Et pourtant, le travail de Pierre Maurel n'a rien à voir avec les BD documentaires. La crise sociale n'est pas le sujet de ce troisième volet, c'est son décor. Celui que Michel partage avec les lecteurs de ses aventures. Dans la France ici dépeinte, les manifestants se font nasser, gazer, quand ils n'ont pas les yeux crevés. Les travailleurs qui enchaînent les petits boulots se font virer dès qu'ils ne respectent pas à la lettre les instructions qu'on leur donne, les plats sont livrés à vélo et les trottinettes en libre accès jonchent les trottoirs. Voilà pour le contexte.

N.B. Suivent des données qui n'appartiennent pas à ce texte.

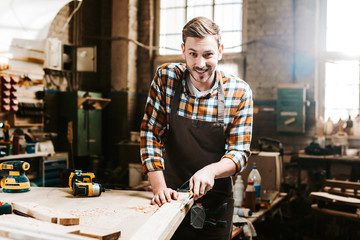 selective focus of happy bearded carpenter carving wood in workshop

Michel, le héros de cette série s'est lui-même fait virer comme un malpropre et enchaîne les missions d'intérim pour survivre, mais il n'est pas le plus malheureux des hommes, car il a rencontré l'amour, le grand, avec un A majuscule, celui qui bouscule et fait que la vie bascule. C'est avec Béa que Michel met le pied dans des endroits qu'il n'a jamais fréquentés, grâce à elle qu'il rencontre des copines qui ne lui ressemblent pas vraiment, avec ses yeux qu'il prend un peu de distance par rapport à la vie qui s'écoule et aux injustices qui la ponctuent.

Si Pierre Maurel ancre son récit dans le réel, il ne fait pas de son héros un révolté, un insoumis ou un perpétuel indigné. Michel est un gars qui a des valeurs (largement à gauche), qui croit aux institutions et aimerait que le monde tourne un peu plus rond, mais qui va de déception en déception. Heureusement qu'il y a Béa pour lui donner une bonne raison de se lever le matin et de rêver un avenir moins gris. Non pas en fomentant la révolution, mais en se construisant un petit nid à l'écart du tumulte. Une BD à ne pas louper.

De plus en plus à l'aise avec son trait et ses trames, Maurel prend un plaisir visible à croquer son rondouillard de Michel et ses lunettes à montures épaisses. Empruntant à la fois les codes de la BD autobiographique américaine (Michel est un cousin européen du Fante Bukowski de Noah Van Sciver) et les registres de la satire sociale, Maurel parvient à être à la fois drôle, touchant et pertinent. C'est rare. Et précieux.

Nicolas Ancion
Écrivain, Alumni Faculté de Philosophie et Lettres

Pierre Maurel, Michel et le grand Schisme, Bruxelles, L'employé du moi, 2020, 80 p.